**Records for the exercise**.
--------------------

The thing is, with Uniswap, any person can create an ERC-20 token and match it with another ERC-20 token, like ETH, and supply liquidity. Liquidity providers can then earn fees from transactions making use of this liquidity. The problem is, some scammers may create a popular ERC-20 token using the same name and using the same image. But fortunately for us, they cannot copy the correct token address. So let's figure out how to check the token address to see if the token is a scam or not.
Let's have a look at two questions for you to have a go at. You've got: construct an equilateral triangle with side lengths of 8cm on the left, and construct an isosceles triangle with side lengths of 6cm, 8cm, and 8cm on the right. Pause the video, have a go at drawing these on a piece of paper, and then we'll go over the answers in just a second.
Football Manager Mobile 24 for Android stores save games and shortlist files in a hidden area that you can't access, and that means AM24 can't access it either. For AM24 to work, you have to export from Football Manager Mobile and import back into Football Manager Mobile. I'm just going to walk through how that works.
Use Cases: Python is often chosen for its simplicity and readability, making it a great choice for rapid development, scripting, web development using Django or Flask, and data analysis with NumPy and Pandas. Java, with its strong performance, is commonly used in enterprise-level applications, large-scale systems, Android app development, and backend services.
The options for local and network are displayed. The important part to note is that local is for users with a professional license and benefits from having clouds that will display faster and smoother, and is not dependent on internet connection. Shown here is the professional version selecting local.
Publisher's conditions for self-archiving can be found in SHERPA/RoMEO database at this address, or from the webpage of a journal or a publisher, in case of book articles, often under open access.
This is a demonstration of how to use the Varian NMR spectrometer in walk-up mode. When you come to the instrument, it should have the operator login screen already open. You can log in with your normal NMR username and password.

--------------------

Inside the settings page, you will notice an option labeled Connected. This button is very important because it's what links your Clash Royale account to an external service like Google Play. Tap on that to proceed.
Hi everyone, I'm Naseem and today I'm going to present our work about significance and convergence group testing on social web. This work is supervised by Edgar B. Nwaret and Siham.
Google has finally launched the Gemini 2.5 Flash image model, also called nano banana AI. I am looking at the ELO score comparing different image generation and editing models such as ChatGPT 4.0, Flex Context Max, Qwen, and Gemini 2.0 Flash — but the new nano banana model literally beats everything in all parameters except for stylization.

--------------------

**Task brief**. Could you write out, exactly as they stand, only the lines above that begin at the line with "Hi everyone, I'm" and stop after the line with "Google has finally"?

**Reply to the exercise**.
Hi everyone, I'm Naseem and today I'm going to present our work about significance and convergence group testing on social web. This work is supervised by Edgar B. Nwaret and Siham.
Google has finally launched the Gemini 2.5 Flash image model, also called nano banana AI. I am looking at the ELO score comparing different image generation and editing models such as ChatGPT 4.0, Flex Context Max, Qwen, and Gemini 2.0 Flash — but the new nano banana model literally beats everything in all parameters except for stylization.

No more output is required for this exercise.